Your goal:
The records below hold a stretch from the line with "Ein Bambus Gerüst" through the line with "Skyline Der Stadt"; return exactly those lines, ends included, and nothing more.

Data extracts:
══════

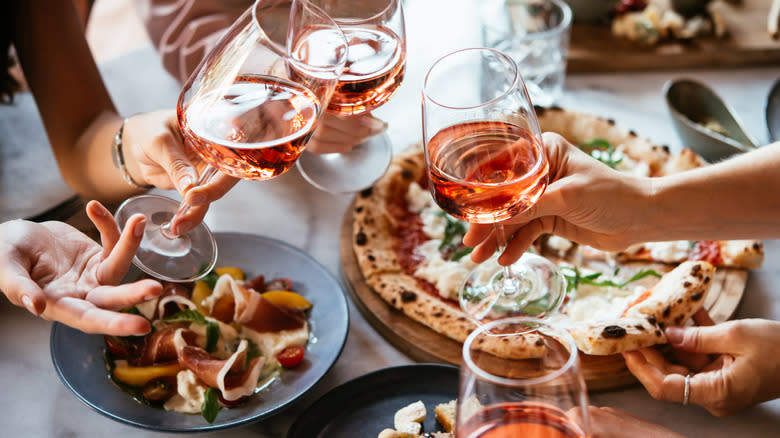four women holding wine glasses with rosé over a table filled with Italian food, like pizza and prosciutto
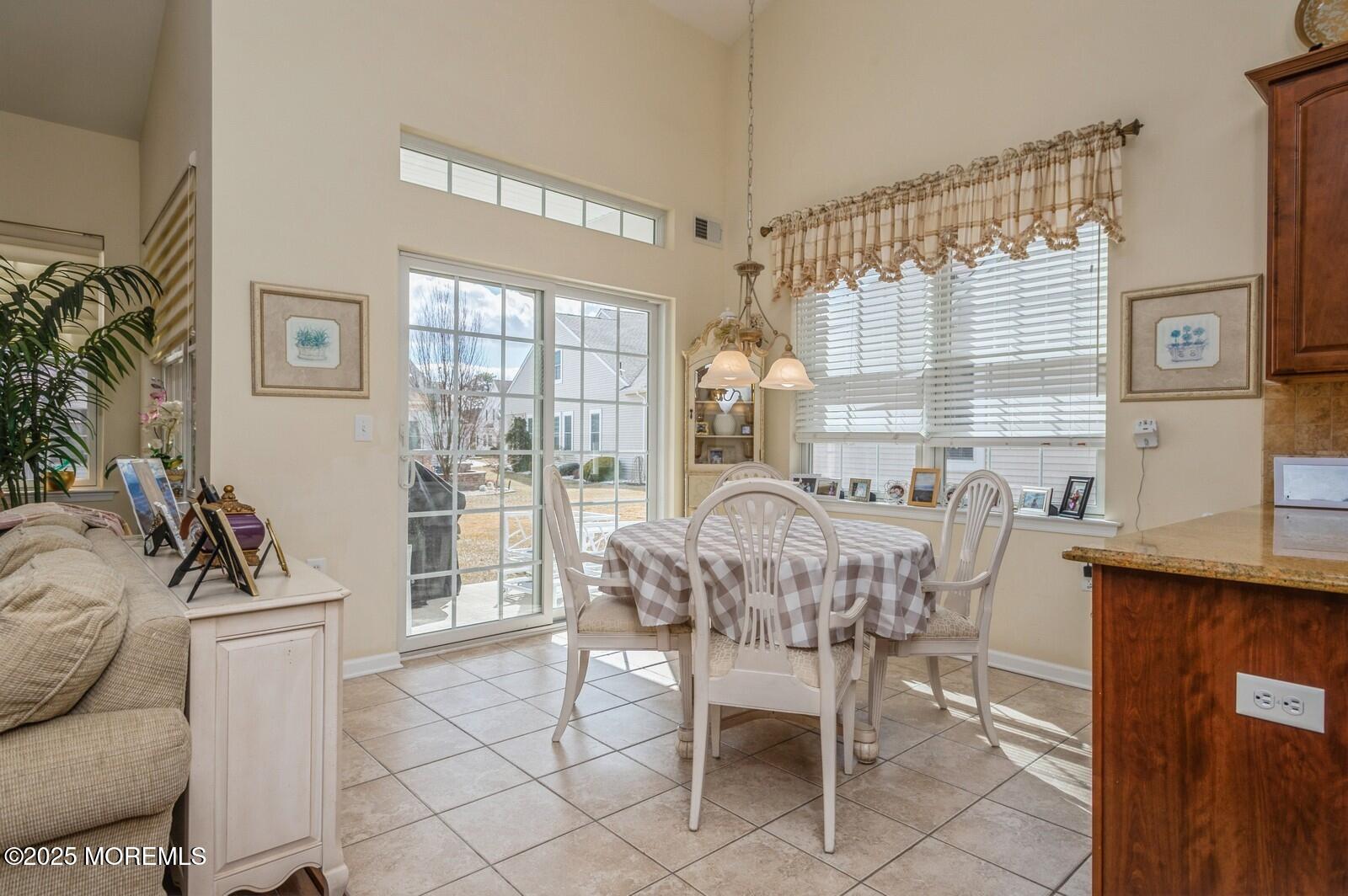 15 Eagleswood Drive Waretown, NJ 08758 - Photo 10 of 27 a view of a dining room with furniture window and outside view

══════

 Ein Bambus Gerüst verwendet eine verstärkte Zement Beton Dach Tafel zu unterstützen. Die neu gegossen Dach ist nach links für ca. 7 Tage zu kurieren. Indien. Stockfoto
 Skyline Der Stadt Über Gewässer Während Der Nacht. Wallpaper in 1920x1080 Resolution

══════

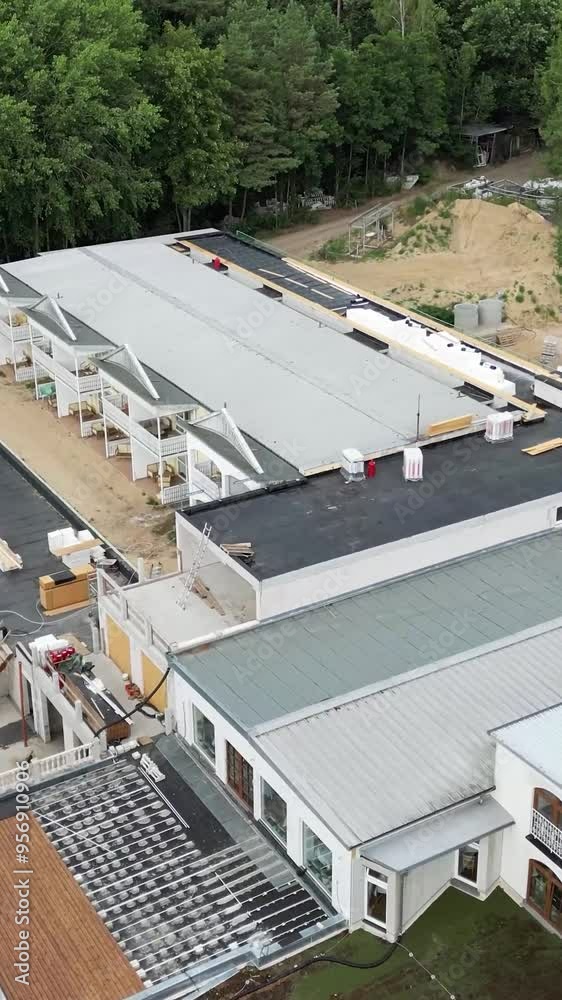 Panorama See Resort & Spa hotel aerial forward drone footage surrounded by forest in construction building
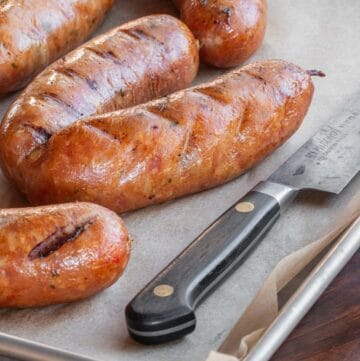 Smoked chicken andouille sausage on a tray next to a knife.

══════

Exercise response:
 Ein Bambus Gerüst verwendet eine verstärkte Zement Beton Dach Tafel zu unterstützen. Die neu gegossen Dach ist nach links für ca. 7 Tage zu kurieren. Indien. Stockfoto
 Skyline Der Stadt Über Gewässer Während Der Nacht. Wallpaper in 1920x1080 Resolution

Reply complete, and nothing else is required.